Real-Time Realized: Unlocking The Connected Economy Capabilities Of Real-Time Payments

Country by country, real-time payments systems are taking shape, focusing on domestic transactions.

But as Odilon Almeida, global chief executive officer at ACI Worldwide, told Karen Webster, in time, those domestic real-time schemes will link, crossing borders and forming new global financial services ecosystems.

And within that cross-border activity, account-to-account (A2A) transactions will help shape those innovations and new use cases. The U.S. payments industry, particularly through FedNow, will lead through example, said Almeida.

Developed economies will lag for a bit, but when the wholesale pivot to real-time payments comes, it will come quickly, Almeida predicted. The pivot may be driven by merchants, at least at first, because the transactions are so much less expensive than cards. For the merchants and the financial institution (FI), apps are important because they are easy to use and are familiar to consumers.

The Three Rails

Real-time is taking root as the latest of a trio of payment rails. As Almeida told Webster, two of them are rather firmly entrenched, and the real-time option is nascent in its development and deployment.

First, there’s physical cash, which works in developed countries and emerging markets. We’re likely a long way from truly cashless economies, he said.

As for the second rail, that rests with cards. Those payment options, too, have spread around the globe in uneven fashion with North America at one end of the spectrum and Africa at the other end, said Almeida.

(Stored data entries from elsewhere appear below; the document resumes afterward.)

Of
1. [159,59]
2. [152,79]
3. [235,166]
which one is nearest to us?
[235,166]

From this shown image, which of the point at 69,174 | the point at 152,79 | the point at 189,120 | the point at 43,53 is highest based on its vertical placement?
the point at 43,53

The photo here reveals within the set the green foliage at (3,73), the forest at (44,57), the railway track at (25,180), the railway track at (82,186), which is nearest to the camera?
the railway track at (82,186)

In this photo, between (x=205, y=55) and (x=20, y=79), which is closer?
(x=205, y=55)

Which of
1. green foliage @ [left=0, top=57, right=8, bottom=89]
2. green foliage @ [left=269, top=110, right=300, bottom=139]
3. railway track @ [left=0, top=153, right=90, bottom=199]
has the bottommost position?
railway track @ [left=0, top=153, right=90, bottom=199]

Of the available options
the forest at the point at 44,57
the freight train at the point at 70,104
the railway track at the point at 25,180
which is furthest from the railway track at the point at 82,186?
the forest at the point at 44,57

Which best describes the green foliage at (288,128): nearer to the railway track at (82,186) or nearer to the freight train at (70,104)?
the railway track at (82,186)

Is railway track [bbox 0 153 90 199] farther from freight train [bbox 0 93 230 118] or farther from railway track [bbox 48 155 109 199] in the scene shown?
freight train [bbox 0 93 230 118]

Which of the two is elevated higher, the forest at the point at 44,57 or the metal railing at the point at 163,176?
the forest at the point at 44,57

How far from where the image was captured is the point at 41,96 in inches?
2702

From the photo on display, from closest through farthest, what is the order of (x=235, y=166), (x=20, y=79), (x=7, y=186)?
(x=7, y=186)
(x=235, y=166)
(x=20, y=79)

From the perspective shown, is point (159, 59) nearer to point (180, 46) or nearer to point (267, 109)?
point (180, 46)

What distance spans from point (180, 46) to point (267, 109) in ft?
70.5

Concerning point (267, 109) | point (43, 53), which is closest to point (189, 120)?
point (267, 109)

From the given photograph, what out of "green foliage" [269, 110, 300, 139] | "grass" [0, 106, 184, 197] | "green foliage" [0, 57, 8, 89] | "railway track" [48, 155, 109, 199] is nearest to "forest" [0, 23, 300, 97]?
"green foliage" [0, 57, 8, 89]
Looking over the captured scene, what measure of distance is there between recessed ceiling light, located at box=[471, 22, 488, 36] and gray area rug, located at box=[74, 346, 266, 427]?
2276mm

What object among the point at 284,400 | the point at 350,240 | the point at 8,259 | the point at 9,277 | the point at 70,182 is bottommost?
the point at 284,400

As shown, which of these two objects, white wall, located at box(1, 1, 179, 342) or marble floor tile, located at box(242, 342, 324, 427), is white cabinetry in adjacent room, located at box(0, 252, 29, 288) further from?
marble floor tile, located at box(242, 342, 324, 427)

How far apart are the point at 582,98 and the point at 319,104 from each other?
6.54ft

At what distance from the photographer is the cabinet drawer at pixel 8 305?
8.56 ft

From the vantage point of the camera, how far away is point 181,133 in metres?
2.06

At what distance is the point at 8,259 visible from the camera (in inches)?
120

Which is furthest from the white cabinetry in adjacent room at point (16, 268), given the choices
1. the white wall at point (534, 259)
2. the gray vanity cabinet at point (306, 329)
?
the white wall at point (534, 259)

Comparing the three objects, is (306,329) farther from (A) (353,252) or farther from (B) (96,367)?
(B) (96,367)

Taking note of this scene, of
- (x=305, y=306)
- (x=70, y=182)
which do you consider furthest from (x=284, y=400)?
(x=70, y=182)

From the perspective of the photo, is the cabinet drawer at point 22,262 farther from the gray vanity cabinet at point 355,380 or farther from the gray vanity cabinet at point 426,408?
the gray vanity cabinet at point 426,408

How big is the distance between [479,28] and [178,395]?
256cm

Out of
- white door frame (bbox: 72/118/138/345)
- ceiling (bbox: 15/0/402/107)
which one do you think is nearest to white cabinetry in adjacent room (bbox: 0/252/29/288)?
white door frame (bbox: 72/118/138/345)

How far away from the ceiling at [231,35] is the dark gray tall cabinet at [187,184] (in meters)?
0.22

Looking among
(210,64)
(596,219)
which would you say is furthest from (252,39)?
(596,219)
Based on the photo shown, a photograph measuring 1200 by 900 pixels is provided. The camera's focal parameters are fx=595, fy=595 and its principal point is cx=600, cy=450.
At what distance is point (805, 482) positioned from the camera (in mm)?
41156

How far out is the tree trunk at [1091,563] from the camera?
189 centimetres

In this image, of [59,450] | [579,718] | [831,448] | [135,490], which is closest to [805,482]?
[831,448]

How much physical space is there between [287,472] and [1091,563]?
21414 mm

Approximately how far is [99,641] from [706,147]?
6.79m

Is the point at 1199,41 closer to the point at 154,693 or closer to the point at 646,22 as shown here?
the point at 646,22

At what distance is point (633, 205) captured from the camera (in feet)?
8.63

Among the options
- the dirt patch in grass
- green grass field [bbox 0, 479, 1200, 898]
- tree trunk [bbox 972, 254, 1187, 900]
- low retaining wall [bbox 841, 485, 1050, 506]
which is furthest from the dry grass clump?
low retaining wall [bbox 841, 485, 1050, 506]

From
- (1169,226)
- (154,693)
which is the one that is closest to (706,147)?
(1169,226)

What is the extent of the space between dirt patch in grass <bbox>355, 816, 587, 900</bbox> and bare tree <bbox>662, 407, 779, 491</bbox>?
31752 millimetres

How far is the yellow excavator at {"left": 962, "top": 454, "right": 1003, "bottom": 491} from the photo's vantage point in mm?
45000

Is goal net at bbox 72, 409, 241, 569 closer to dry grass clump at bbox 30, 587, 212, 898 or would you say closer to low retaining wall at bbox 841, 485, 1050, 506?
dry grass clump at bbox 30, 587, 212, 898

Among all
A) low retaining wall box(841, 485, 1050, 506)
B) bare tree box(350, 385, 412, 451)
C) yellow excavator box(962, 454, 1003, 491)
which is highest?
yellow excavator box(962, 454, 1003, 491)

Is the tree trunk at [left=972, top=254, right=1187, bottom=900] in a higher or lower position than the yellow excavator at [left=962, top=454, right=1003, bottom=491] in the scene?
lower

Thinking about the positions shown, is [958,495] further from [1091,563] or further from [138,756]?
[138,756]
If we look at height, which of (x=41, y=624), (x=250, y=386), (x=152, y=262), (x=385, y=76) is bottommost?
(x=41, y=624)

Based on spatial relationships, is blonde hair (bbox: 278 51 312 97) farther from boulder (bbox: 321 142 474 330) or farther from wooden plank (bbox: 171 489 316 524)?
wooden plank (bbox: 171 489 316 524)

Lastly, the third rail is tied to real-time payments, specifically A2A payments, he said, which have been growing by more than 45 percent year on year.

“It’s the most efficient rail that we have today,” he said. “It is much less expensive than the cards, and it is much more convenient than cash.”

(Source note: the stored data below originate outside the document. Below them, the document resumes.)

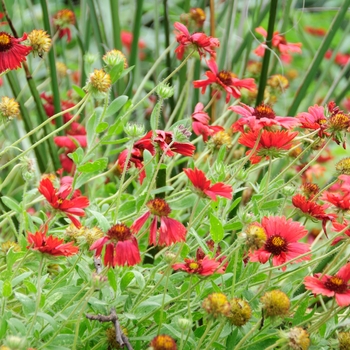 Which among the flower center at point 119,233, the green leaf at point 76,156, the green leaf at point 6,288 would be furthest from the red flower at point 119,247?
the green leaf at point 76,156

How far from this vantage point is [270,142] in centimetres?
94

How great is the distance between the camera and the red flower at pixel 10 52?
0.97 meters

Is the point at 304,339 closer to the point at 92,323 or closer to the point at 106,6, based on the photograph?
the point at 92,323

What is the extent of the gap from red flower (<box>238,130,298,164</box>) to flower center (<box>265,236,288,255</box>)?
0.12 m

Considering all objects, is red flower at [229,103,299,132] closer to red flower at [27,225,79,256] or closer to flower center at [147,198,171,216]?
flower center at [147,198,171,216]

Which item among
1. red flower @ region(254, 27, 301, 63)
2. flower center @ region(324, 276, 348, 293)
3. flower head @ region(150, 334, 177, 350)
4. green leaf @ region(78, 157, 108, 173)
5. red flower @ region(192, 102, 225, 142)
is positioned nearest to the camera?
flower head @ region(150, 334, 177, 350)

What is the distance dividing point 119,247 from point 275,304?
0.17 m

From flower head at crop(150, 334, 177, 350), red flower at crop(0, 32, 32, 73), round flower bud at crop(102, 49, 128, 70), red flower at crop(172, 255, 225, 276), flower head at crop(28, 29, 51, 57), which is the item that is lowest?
flower head at crop(150, 334, 177, 350)

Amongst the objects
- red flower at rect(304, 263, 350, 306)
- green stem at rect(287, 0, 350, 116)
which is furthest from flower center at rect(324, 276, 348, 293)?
green stem at rect(287, 0, 350, 116)

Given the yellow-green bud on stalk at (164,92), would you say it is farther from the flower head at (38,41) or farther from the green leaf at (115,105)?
the flower head at (38,41)

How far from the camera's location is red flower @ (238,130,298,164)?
0.94 m

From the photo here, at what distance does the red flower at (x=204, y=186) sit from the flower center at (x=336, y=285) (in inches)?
6.2

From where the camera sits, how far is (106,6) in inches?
107

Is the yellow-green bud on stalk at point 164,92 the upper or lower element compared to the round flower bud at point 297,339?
upper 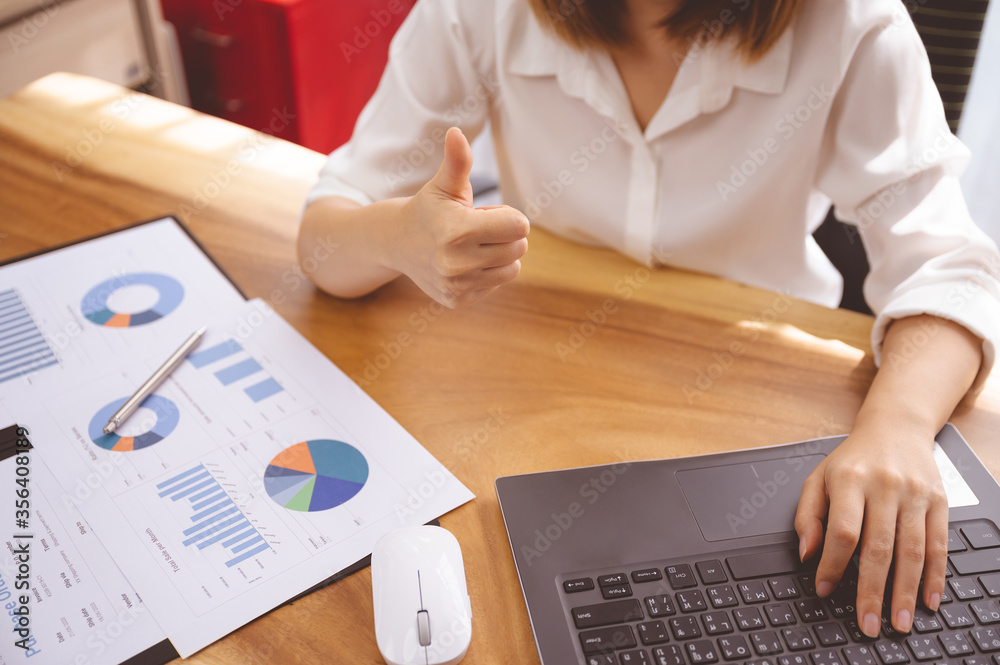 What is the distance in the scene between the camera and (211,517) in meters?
0.51

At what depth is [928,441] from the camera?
56cm

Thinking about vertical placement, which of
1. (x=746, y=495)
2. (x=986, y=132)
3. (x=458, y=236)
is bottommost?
(x=986, y=132)

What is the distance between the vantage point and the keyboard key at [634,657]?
436 millimetres

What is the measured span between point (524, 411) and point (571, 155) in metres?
0.38

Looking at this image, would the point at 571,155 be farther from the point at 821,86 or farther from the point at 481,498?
the point at 481,498

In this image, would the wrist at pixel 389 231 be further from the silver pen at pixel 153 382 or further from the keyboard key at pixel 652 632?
the keyboard key at pixel 652 632

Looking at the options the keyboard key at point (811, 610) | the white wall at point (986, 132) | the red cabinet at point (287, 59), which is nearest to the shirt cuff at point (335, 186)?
the keyboard key at point (811, 610)

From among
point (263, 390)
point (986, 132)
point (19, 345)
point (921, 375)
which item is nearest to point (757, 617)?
point (921, 375)

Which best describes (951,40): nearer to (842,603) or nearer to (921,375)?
(921,375)

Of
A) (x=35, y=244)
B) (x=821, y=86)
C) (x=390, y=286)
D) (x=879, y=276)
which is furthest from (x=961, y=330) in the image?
(x=35, y=244)

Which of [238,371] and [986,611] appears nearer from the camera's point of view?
[986,611]

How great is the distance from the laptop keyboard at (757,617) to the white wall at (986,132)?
135 centimetres

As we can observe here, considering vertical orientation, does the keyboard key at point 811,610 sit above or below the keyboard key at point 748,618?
below

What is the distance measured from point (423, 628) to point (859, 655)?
258mm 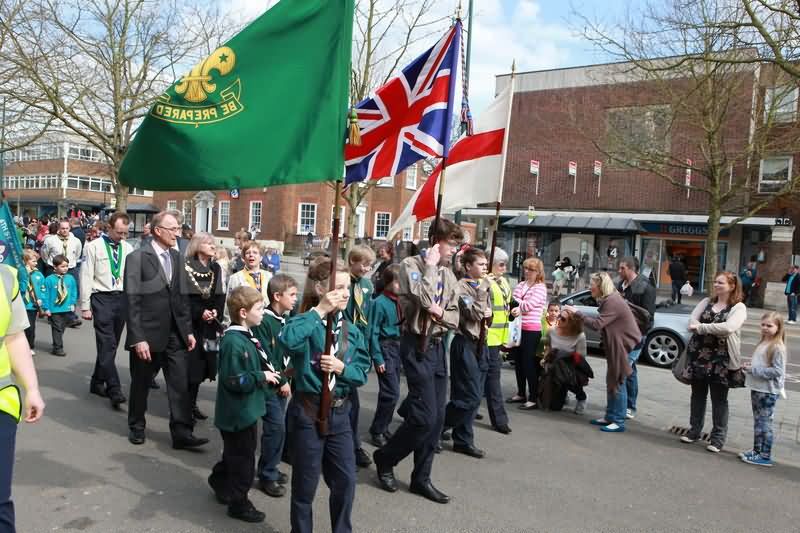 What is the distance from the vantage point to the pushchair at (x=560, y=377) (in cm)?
728

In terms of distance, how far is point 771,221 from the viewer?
25422 mm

In countries like Kenya or China and throughout the Middle East, real-time payments have been growing by leaps and bounds, leapfrogging the relatively lagging card acceptance and availability. (Conversely, the U.S. and Canada are lagging a bit when it comes to real-time payments, partly because the card networks have been so developed, noted Almeida.)

Interoperability

“It’s not always about the app,” he said. “Right now, it’s more about the rails. Everything is coming together.”

To get it all working, beyond the domestic schemes that are either debuting or on the drawing board around the world, interoperability is critical.

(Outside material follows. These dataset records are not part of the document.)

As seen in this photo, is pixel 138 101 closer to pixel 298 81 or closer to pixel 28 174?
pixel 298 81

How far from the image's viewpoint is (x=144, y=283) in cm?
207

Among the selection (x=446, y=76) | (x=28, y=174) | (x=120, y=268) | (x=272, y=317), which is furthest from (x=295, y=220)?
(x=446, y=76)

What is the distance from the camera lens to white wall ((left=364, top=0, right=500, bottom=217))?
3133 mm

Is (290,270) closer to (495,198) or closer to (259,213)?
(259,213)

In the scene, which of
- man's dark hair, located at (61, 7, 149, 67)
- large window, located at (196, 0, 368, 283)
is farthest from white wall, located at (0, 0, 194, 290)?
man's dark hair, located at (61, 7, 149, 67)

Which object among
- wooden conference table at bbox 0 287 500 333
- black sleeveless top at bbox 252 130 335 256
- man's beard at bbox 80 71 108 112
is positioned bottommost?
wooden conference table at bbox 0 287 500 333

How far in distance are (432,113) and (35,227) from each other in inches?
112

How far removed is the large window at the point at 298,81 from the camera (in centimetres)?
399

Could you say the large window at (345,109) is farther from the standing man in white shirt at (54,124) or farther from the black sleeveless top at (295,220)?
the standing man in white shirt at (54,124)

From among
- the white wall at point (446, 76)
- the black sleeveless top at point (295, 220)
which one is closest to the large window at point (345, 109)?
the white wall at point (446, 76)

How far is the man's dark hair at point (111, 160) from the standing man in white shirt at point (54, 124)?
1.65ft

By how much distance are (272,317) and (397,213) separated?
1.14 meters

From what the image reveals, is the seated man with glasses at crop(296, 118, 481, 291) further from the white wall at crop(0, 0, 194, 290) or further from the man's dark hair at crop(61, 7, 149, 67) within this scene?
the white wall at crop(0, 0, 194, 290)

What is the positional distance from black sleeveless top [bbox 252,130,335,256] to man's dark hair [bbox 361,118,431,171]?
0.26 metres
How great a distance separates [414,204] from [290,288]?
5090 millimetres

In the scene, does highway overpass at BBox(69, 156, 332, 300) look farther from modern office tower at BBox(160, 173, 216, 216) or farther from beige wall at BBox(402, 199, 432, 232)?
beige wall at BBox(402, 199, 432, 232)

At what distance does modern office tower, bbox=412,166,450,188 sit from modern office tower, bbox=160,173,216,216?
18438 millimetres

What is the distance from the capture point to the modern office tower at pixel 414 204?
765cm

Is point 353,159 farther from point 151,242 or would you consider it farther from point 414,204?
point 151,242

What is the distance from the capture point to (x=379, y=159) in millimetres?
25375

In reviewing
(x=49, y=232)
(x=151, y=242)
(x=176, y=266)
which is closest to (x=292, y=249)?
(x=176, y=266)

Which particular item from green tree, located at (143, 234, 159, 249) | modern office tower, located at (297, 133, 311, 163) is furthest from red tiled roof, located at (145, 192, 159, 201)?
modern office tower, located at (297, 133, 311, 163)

FedNow is a set of rails, as is The Clearing House (TCH). They’ll work in parallel for a while. Elsewhere, domestic markets, from Australia to Brazil, have their own sets of rails. At some point, all of those rails must interact and interconnect to have a global real-time payment scheme.

“The FedNow initiative is critical,” said Almeida, and banks are going to want to connect to the Fed’s system to deliver new offerings as quickly as possible and to the largest audience possible. He noted that opting in will require some partnership with infrastructure providers, including ACI.

Asked whether there are killer apps in place in the U.S., Almeida said that consumers have been flocking to Venmo, to Zelle, to P2P interactions. He predicted that more apps will come online that will track a user’s payment history and offer lines of credit based on that history, with personalized rates.

Webster remarked that a huge amount of activity is done across borders, which paves the way for an increasing number of commercial payments to be done via real-time conduits.

“The cross-border market is ready for disruption,” Almeida said.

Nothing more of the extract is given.